Fixing the principles
Inclusion-Exclusion
Remember: Please read the texts linked above before reading the material below.
The addition principle can be fixed for the red/5 card example by using a method called Inclusion-Exclusion. This is sometimes called the Principle of Inclusion-Exclusion and abbreviated as PIE.
This problem only had two sets, and the overlap is just the one card: the red 5.
So, we count normally at first, 5 red + 6 fives = 11 options. However, the red 5 card is counted twice, once in the reds, and once in the fives. Therefore, we simply subtract 1, as this is the overlap between the sets. 11 - 1 = 10. When we subtract one copy of the red 5, the other remains, and now we have a perfect set of cards which could be drawn to satisfy red or five.
In a Venn diagram, we can see that if we color both sets, the intersection is colored twice over.
If there are three sets, we can do something similar. Suppose we now have a copy of each card for each one of 4 letters: k, i, b, and o. So there will be a red card with a 1 and a k, a red card with a 1 and an i, a red card with a 2 and a k, and so on, meaning our deck now has 120 cards.
Now we change our question: In how many ways could a person draw a red card, a 5 card, or a card with a k.
The red 5 is still an issue (and now there are 4 copies: one for each letter), but so is the red-5-k card, all the red cards with a k, and any card that has a 5 and a k.
Note that when we start our simple approach: 20 red + 24 fives + 30 k-cards, that the red-5-k card is counted 3 times! All other categories mentioned are counted twice, so we can start with those.
There are now 4 red-5 cards, then we must count the red cards with a k (5: one for each number), and the number of cards with a 5 and a k (6: one for each color).
Now we can subtract one copy of each of these, and be left with a better answer.
$$20 + 24 + 30 - 4 - 5 - 6 = 59$$
However, there is one thing we're missing.
Think first: Can you figure out the last step? What happened when we subtracted each of these overlaps between two groups?

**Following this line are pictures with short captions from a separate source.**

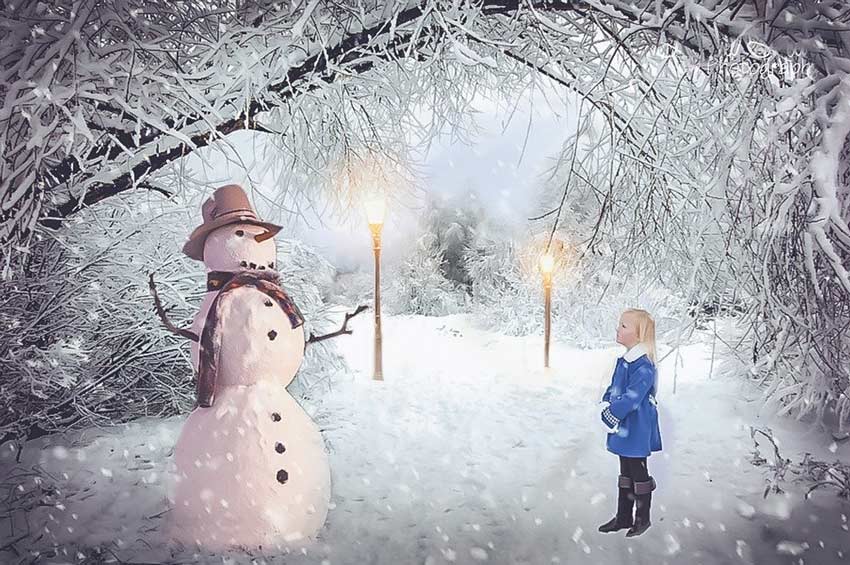 Holsinger Law Office - Season's Greetings - Illustration of a girl looking at a snowman in a snowy road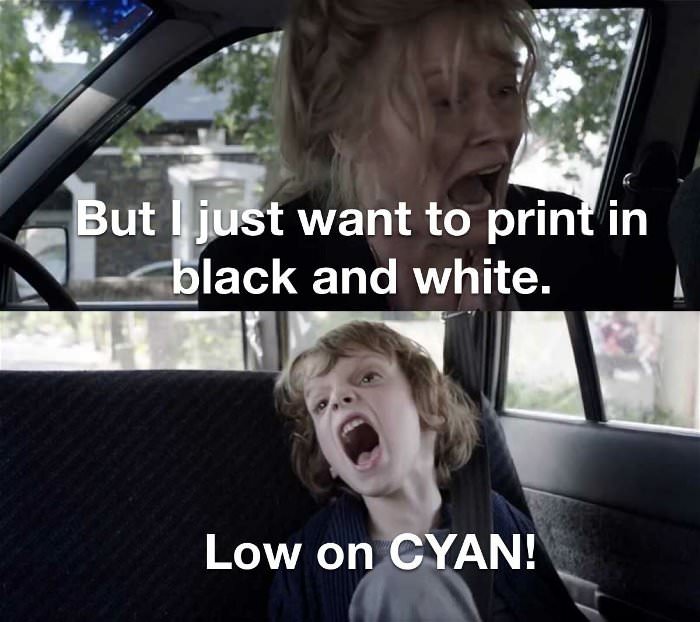i want to print black and white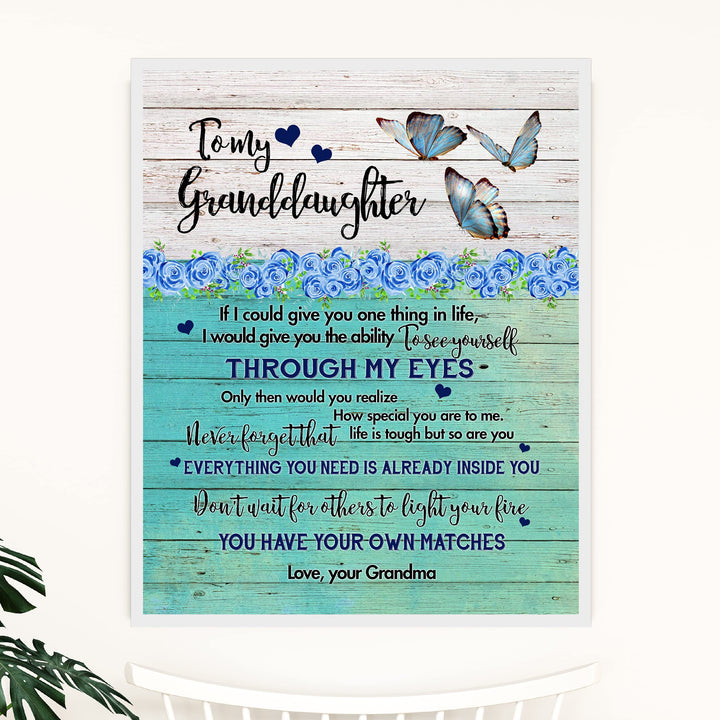To My Granddaughter - Love Grandma Inspirational Love &amp; Family Wall Sign -11 x 14" Floral Butterfly Art Print w/Heart Images -Ready to Frame. Home-Bedroom Decor. Keepsake Gift for Teens &amp; Girls!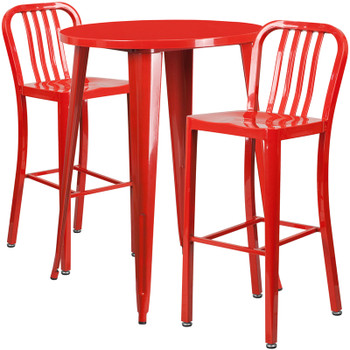Flash Furniture 30RD Red Metal Bar Set, Model# CH-51090BH-2-30VRT-RED-GG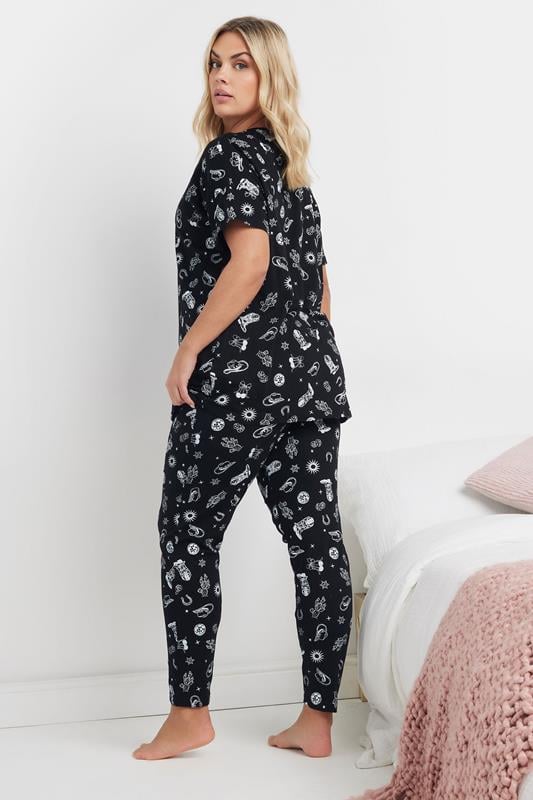 Evans YOURS Curve Black & White Cowboy Print Pyjama Set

The red-5-k card is in all of these groups, so we've subtracted it 3 times. But it was only in there 3 times to begin with, so we need to add it back in.
$$59 + 1 = 60$$
This pattern of subtracting overlaps, then adding overlaps continues for any set of groups, though it's hard to picture for larger numbers of sets.
Think about it: Draw a Venn Diagram with three circles. Color in areas for each step, keeping track of how many times you color over a specific region. Does this align with Inclusion-Exclusion?
In general, you add the amount from each set, then subtract from all the intersections of two sets, then add all the intersections of 3 sets, then subtract all the intersections of 4 sets and so on until your last intersection includes all the sets.
This is the Inclusion-Exclusion method.